Enterprise Monitoring and Performance Engineer
You will be responsible for partnering with Operations, Infrastructure, development, QA and product teams to analyze the product and hardware performance and scalability against the agreed upon requirements and projected use cases and ensure proper test cases, monitors, alerts and dashboards are created prior to production implementation.
You'll have a key role in our application and system’s success by partnering with other key stakeholders to recommend product improvements, such as features that would improve application usability. This role is also responsible for proactively evaluating processes and providing recommendations to increase efficiency, system availability, and the quality of the user experience.
This is a technical and hands-on role for someone who is adept at gathering and analyzing performance data and finding the root cause of performance bottlenecks and monitor and troubleshoot performance issues in pre and post production systems.

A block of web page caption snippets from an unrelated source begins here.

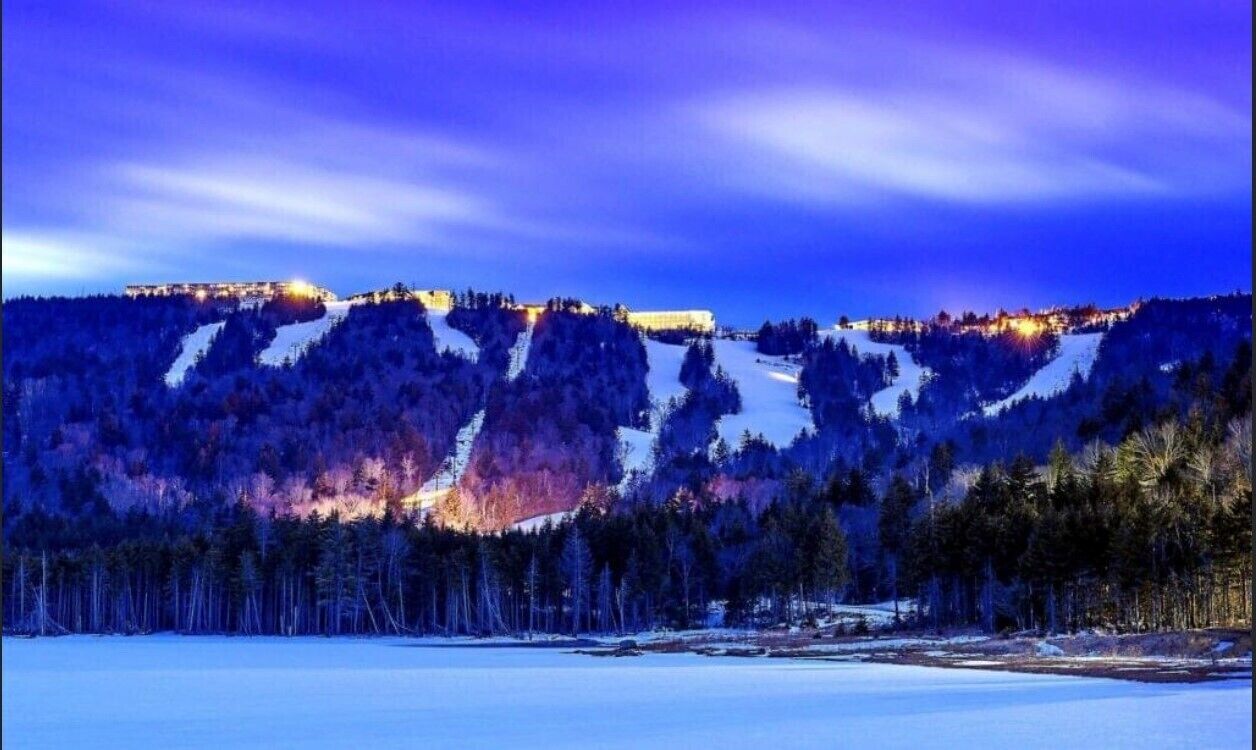 Un paisaje nevado con una cadena montañosa y un edificio iluminado al fondo.
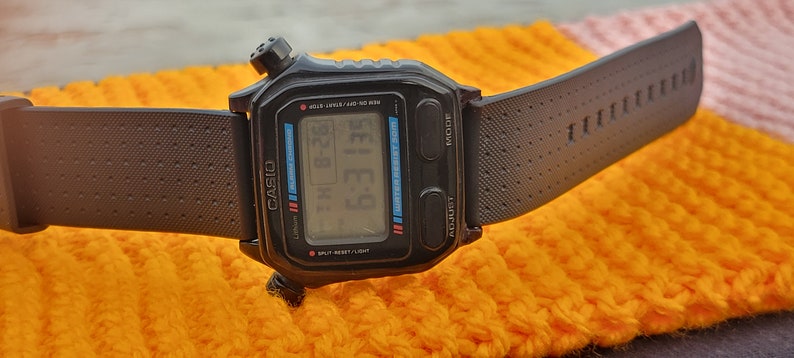 Puede incluir: Un reloj digital Casio negro con una correa de goma negra. La esfera del reloj muestra la hora, la fecha y el d&iacute;a de la semana.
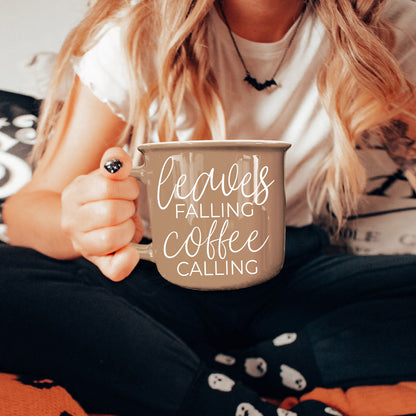 Leaves Falling coffee mug Gia Roma taupe ceramic with white script held in hand on Tampa Home & Garden Store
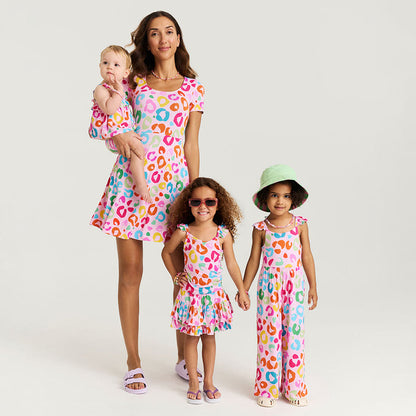 Woman holding a baby and two children wearing matching colorful outfits on a white background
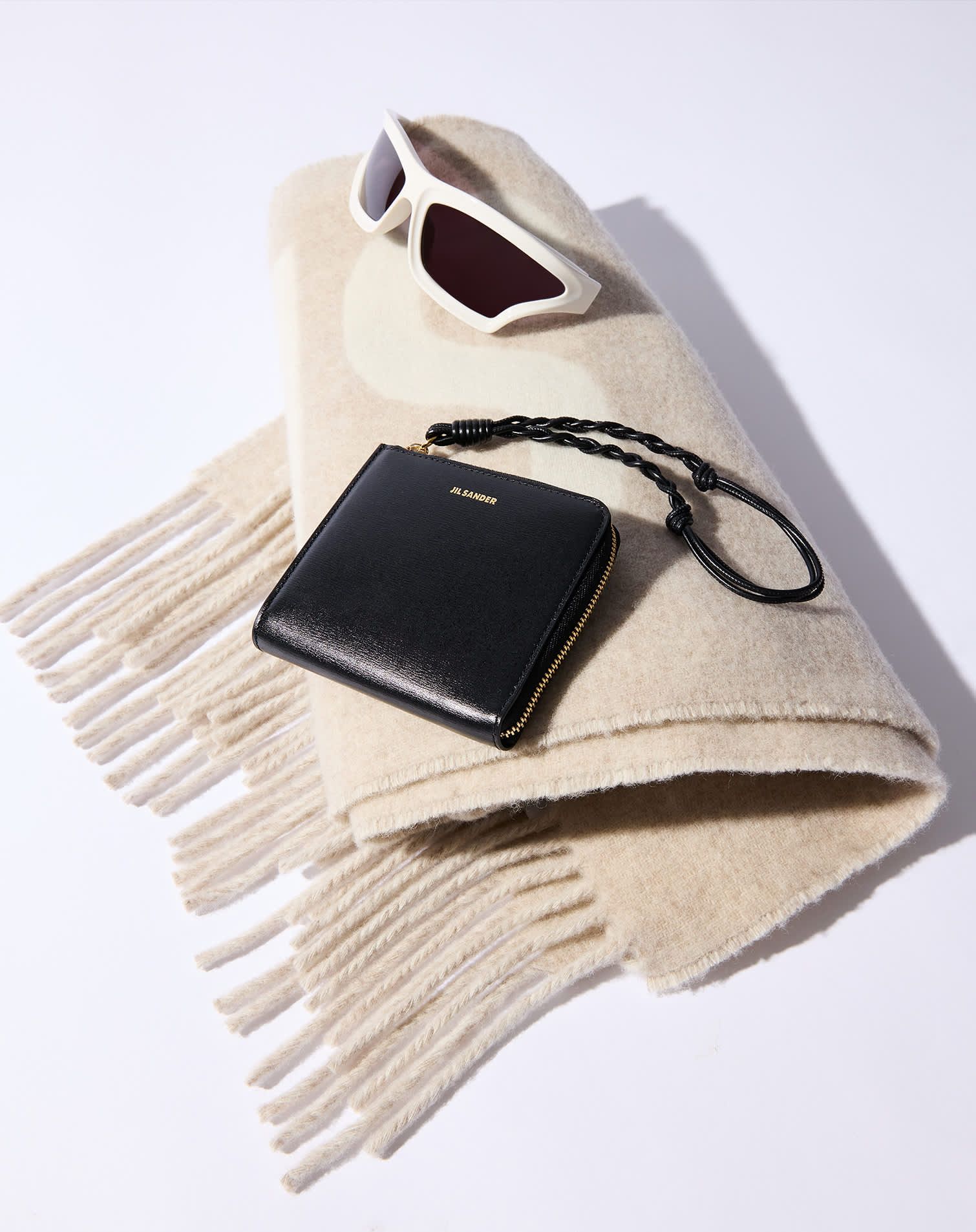 Beige fringe trim scarf with white slim sunglasses and black leather wallet with wrist strap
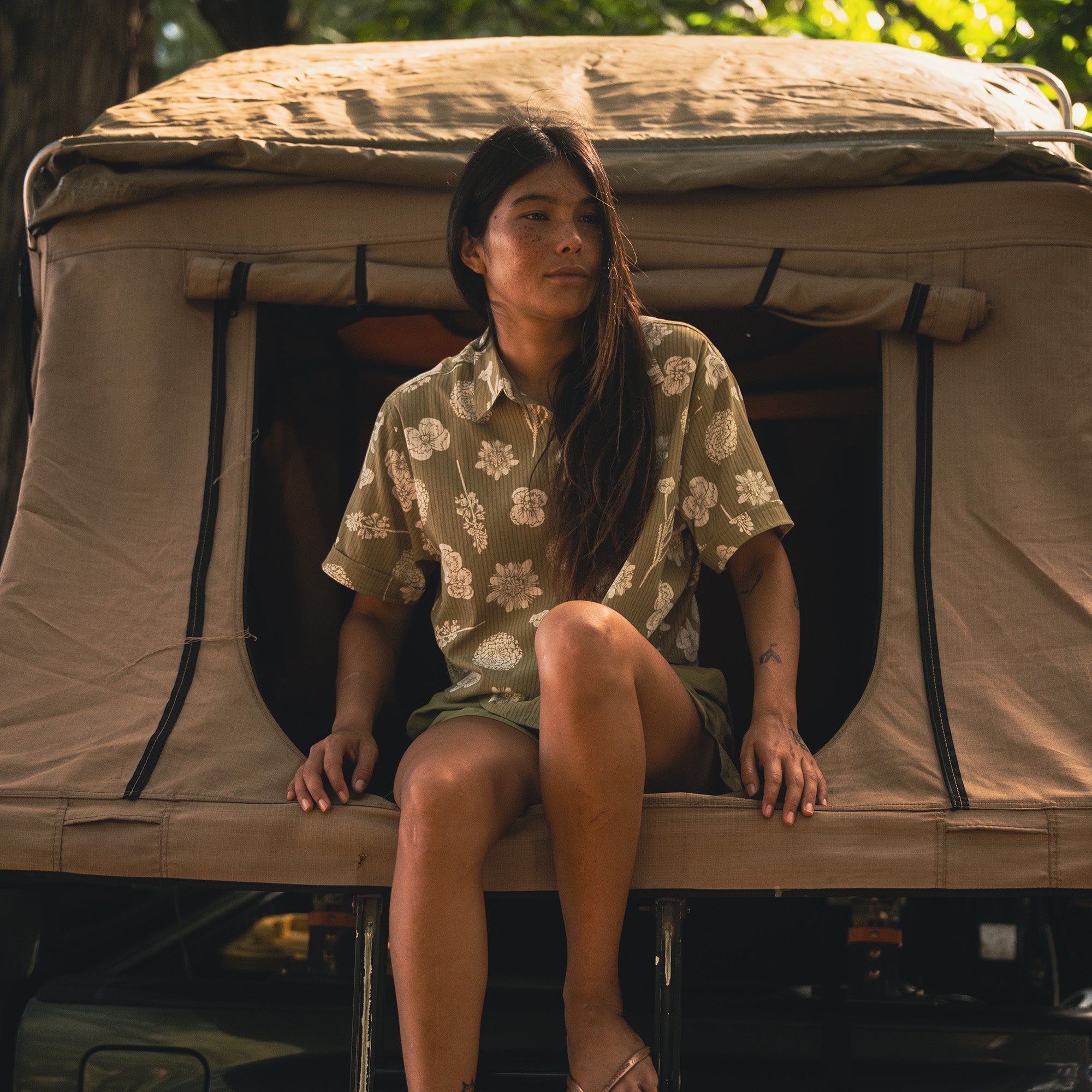 Adventure scene with a car door open beside a tent, encapsulating the spirit of camping and travel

Here’s what you can expect from the job and what you need to be successful:
Job Duties:
- Expand the Application Performance Monitoring (APM) program to improve application and platform performance, availability, and resiliency through real-time performance monitoring and alerting
- Optimize the APM tool foot print by avoiding redundancies, rationalization, and upgrading to the latest cost efficient solutions
- Establish verifiable performance benchmarks for core and system components
- Partner with application/operational teams and vendors to build a solution and custom configuration, including network, systems, and application performance dashboards
- Scope, gather technical requirement around the customer monitoring use cases and business KPIs, and translate them to tool specifications for APM, Alerts, Synthetics, Monitoring and Dashboards, and ensure successful implementation
- Develop and enhance existing tools and processes for monitoring and measuring service performance in production and sandbox environments
- Identify, analyze and resolve the most complex public and hybrid cloud-based issues
- Configure and extend monitoring, alerting, and performance tools to satisfy user needs, including application delivery, middleware, infrastructure, database administration, etc.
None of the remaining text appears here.